Task to complete: The lines from the one containing "AFRICA DEL SUR." through the last line below, both ends included, must be reproduced exactly, with no pictures.
(Data for this exercise)
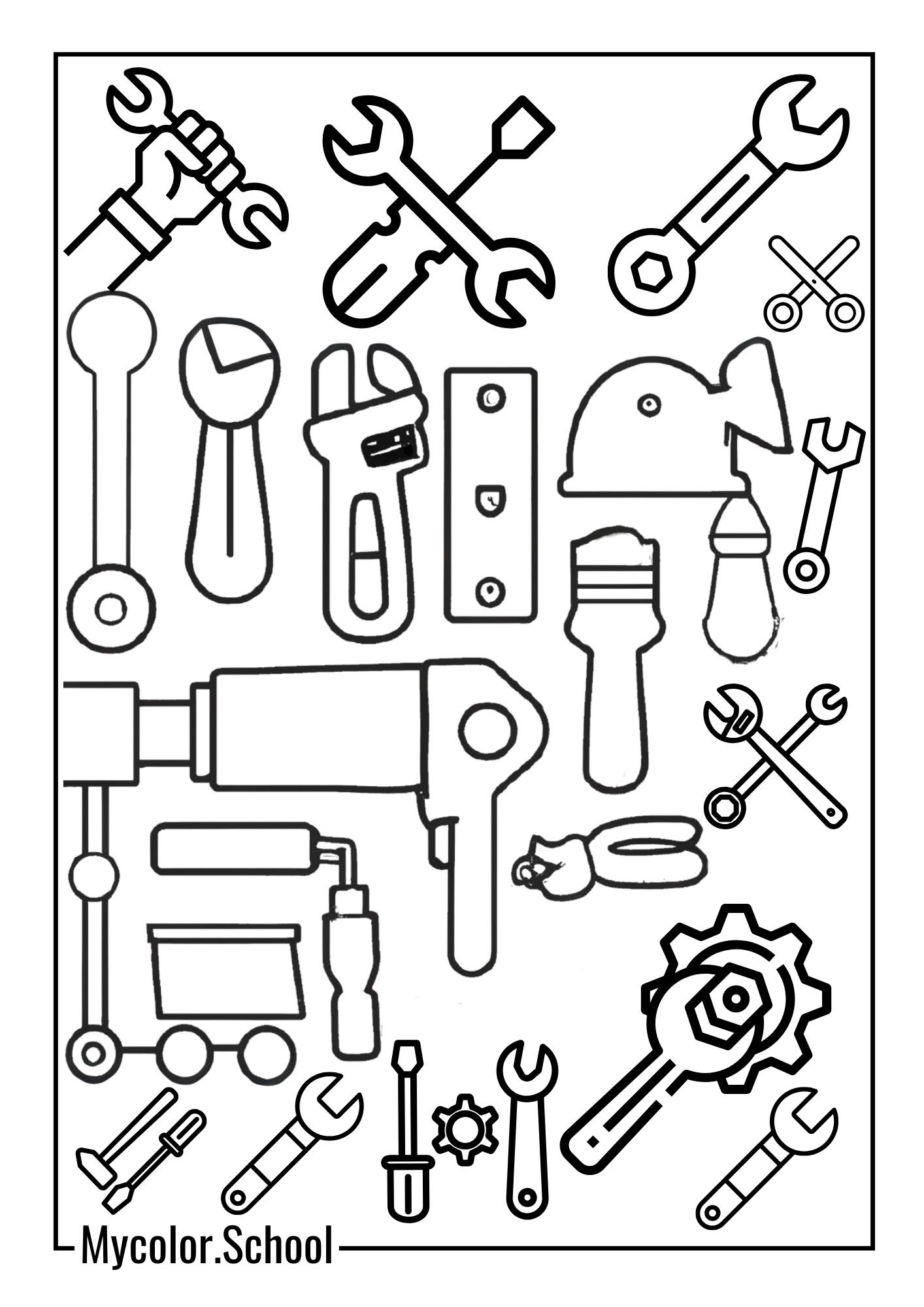 Tools Coloring Pages Hard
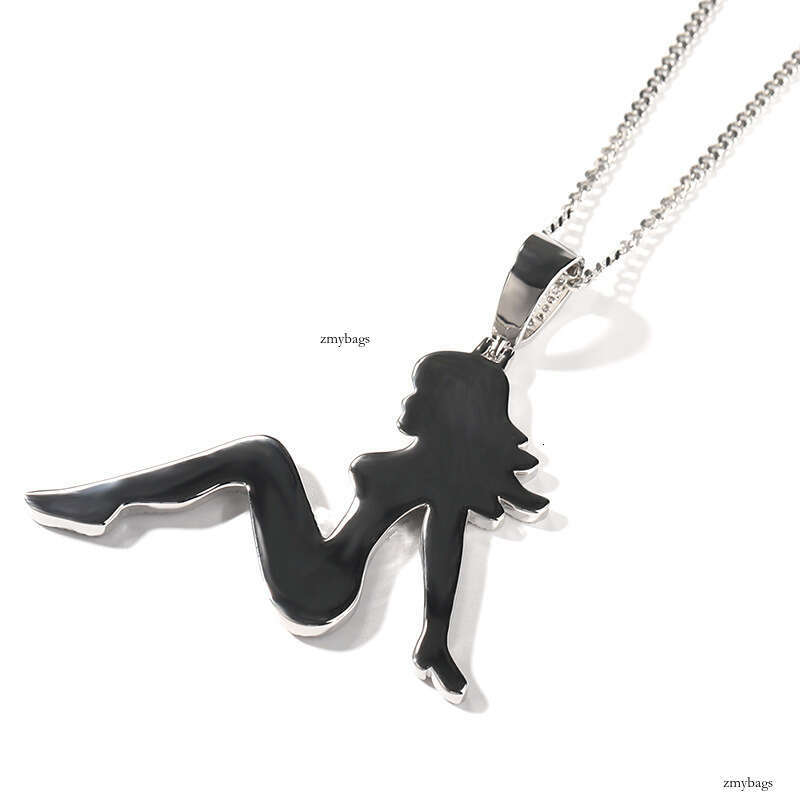 Boy New Sexy Silhouette Inlaid Dia Hip-Hop Trend Personality Long Hair Girl Necklace Pendant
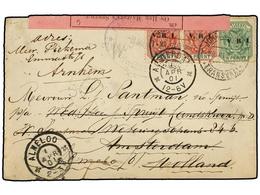 AFRICA DEL SUR. Sg.226, 227 (2). 1901. BOER WAR. JOHANNESBURG To HOLLAND. 1/2 P. And 1 P. Censor Mark And Label. Arrival - Altri & Non Classificati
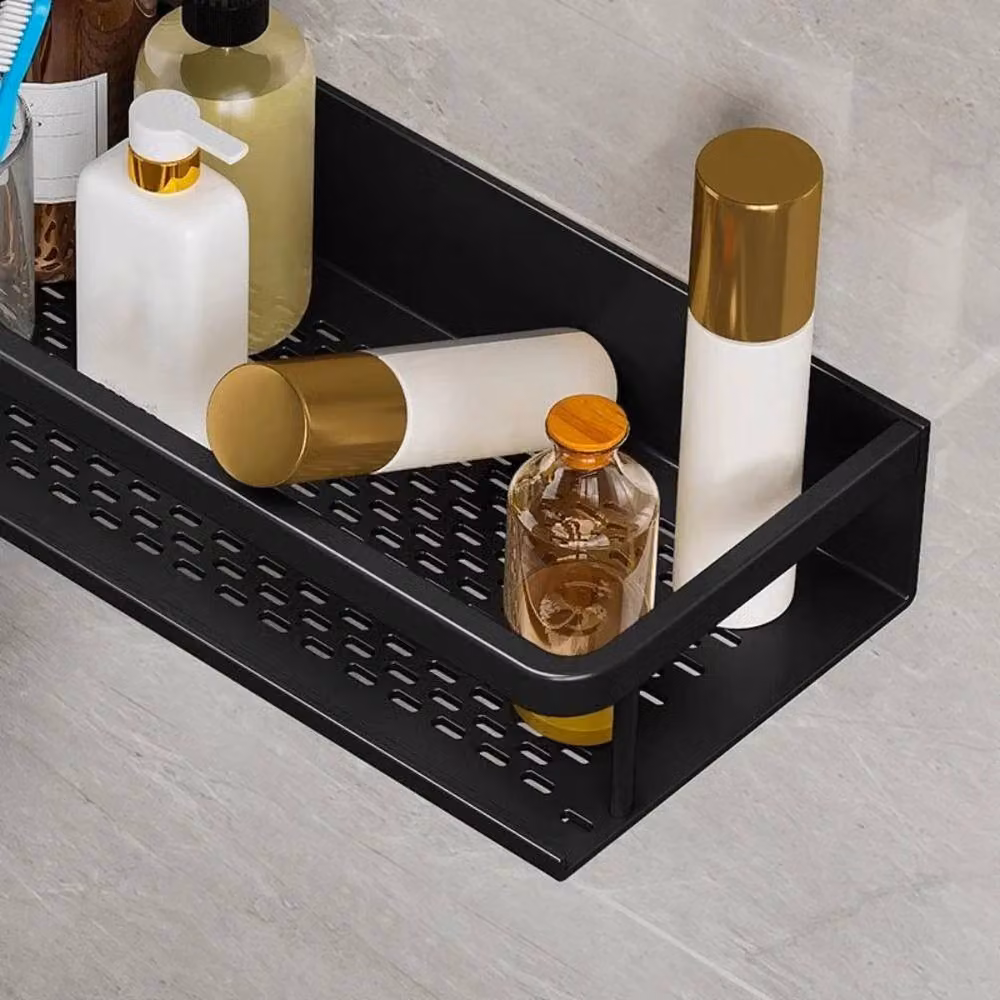 KORVIXA Wall-Mounted Black Metal Bathroom Storage Shelf – 3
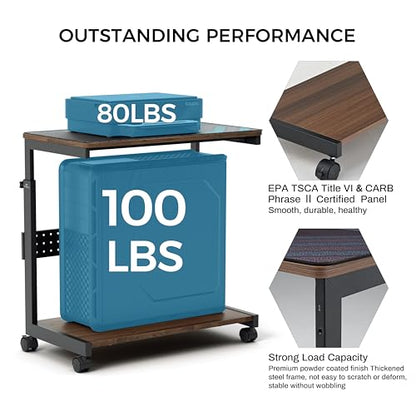 EUREKA ERGONOMIC PC Stand Computer Cart, Height Adjustable Tower Stand 2-Tier Suit for ATX Case Printer, Metal Rolling Cart on Wheels for Gaming Home Office, Walnut - color: Walnut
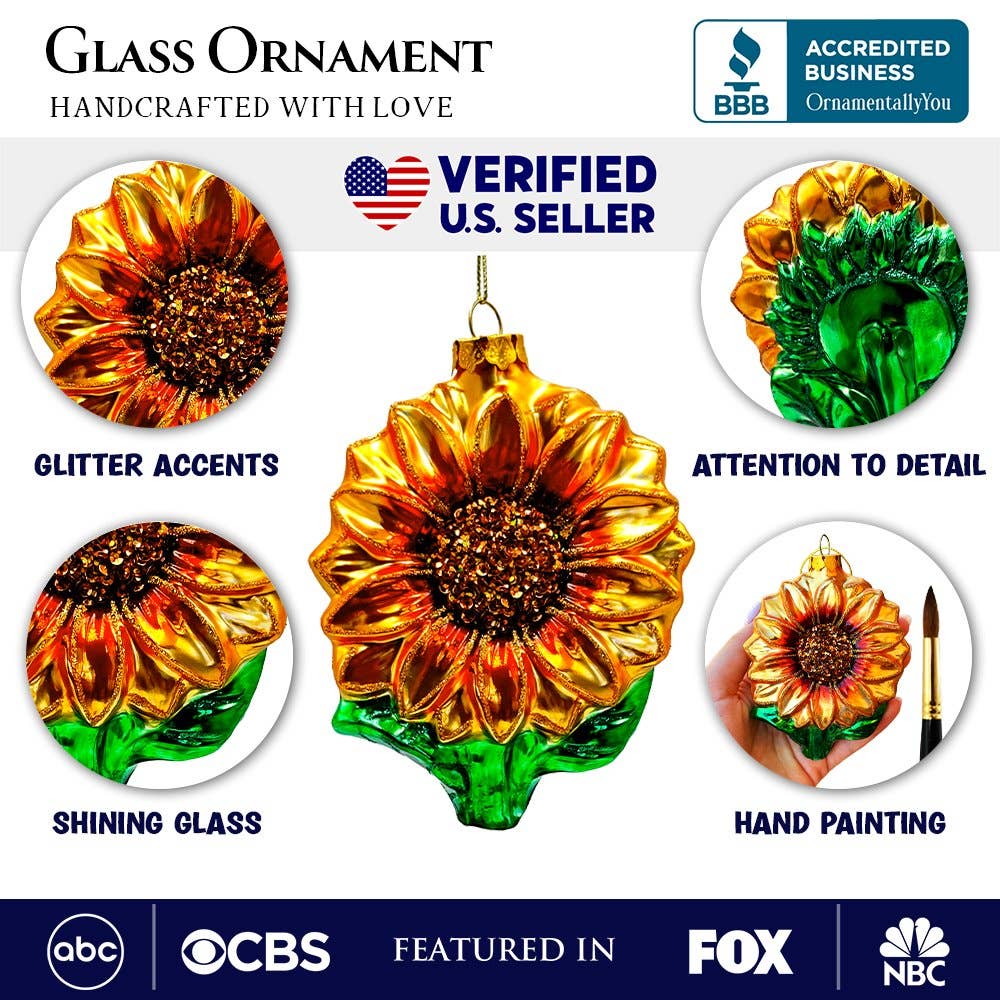 Glossy Charming Sunflower Glass Christmas Ornament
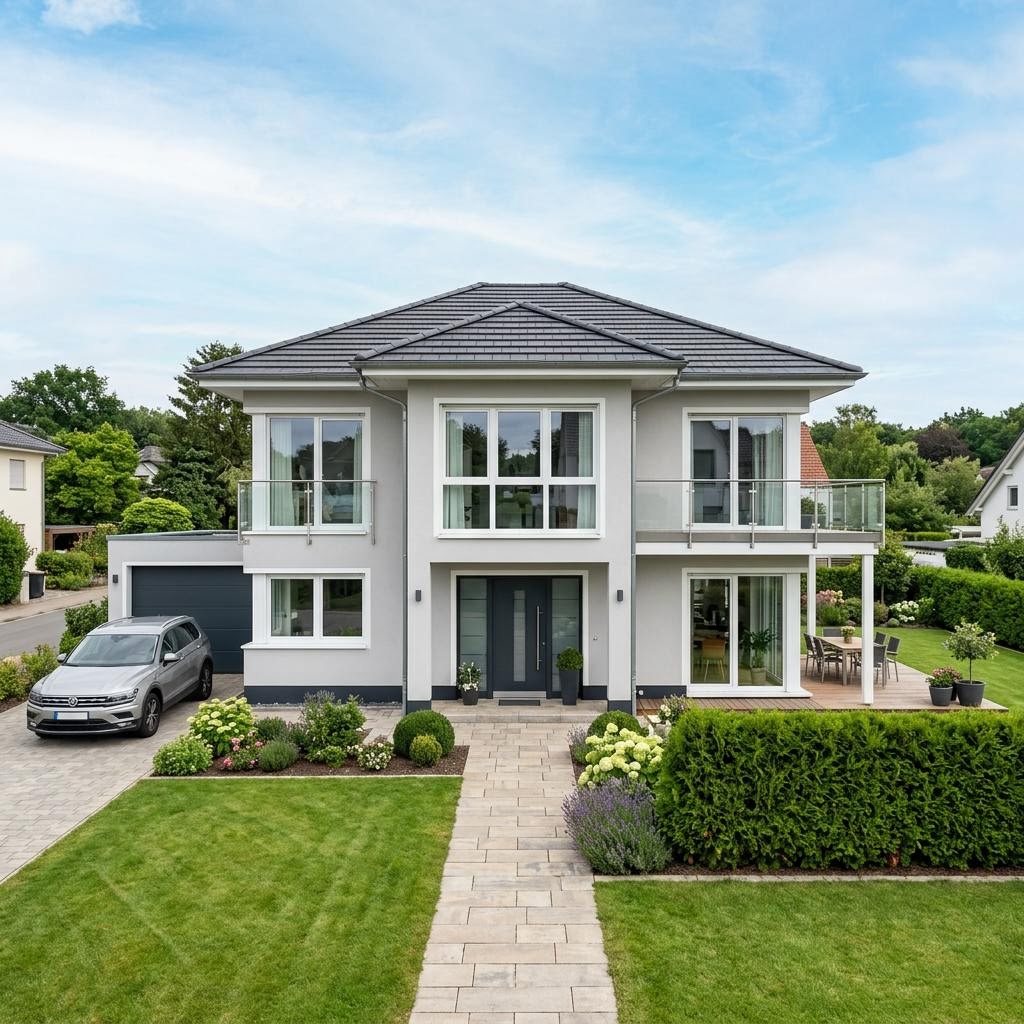 Stadtvilla Evolution 176 des Herstellers Bien-Zenker — in Holztafelbauweise, rund 176 m²
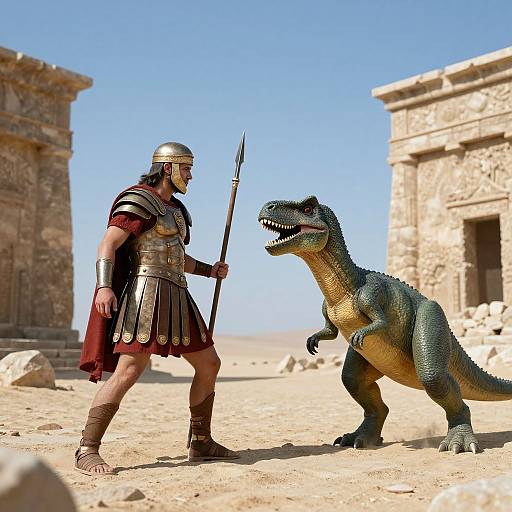 CGI image of a Roman soldier in bronze armor and helmet facing a green dinosaur with sharp teeth in a desert ruins setting. Soldier holds a spear,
(End Data for this exercise)
Task output:
 AFRICA DEL SUR. Sg.226, 227 (2). 1901. BOER WAR. JOHANNESBURG To HOLLAND. 1/2 P. And 1 P. Censor Mark And Label. Arrival - Altri & Non Classificati
 KORVIXA Wall-Mounted Black Metal Bathroom Storage Shelf – 3
 EUREKA ERGONOMIC PC Stand Computer Cart, Height Adjustable Tower Stand 2-Tier Suit for ATX Case Printer, Metal Rolling Cart on Wheels for Gaming Home Office, Walnut - color: Walnut
 Glossy Charming Sunflower Glass Christmas Ornament
 Stadtvilla Evolution 176 des Herstellers Bien-Zenker — in Holztafelbauweise, rund 176 m²
 CGI image of a Roman soldier in bronze armor and helmet facing a green dinosaur with sharp teeth in a desert ruins setting. Soldier holds a spear,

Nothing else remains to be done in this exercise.